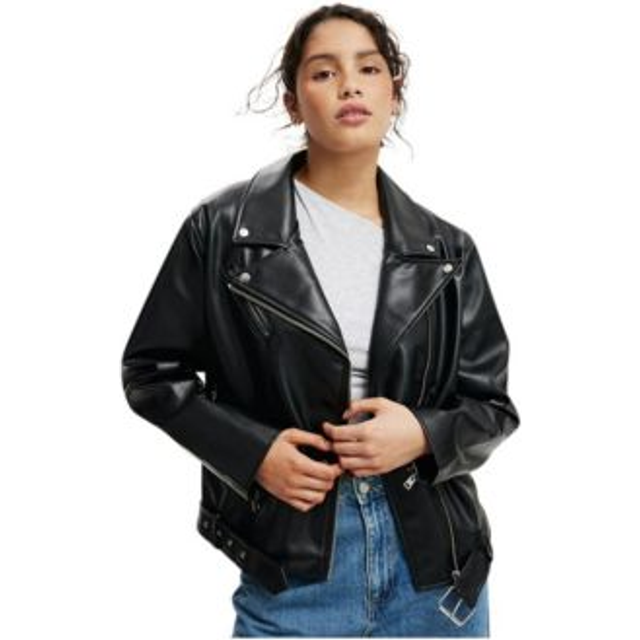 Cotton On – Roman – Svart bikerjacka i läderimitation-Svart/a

==

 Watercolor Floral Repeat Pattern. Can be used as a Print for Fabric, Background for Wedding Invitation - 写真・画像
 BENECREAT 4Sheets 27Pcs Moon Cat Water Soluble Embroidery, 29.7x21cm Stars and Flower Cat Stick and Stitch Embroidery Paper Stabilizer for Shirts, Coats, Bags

==

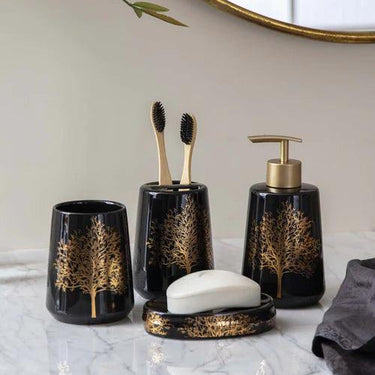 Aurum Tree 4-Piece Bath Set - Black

To do ▸ Your task is to transcribe, with no changes, only the lines of the listing above that lie between the line holding "Watercolor Floral Repeat" and the line holding "BENECREAT 4Sheets 27Pcs", inclusive.

Solution for this problem ▸
 Watercolor Floral Repeat Pattern. Can be used as a Print for Fabric, Background for Wedding Invitation - 写真・画像
 BENECREAT 4Sheets 27Pcs Moon Cat Water Soluble Embroidery, 29.7x21cm Stars and Flower Cat Stick and Stitch Embroidery Paper Stabilizer for Shirts, Coats, Bags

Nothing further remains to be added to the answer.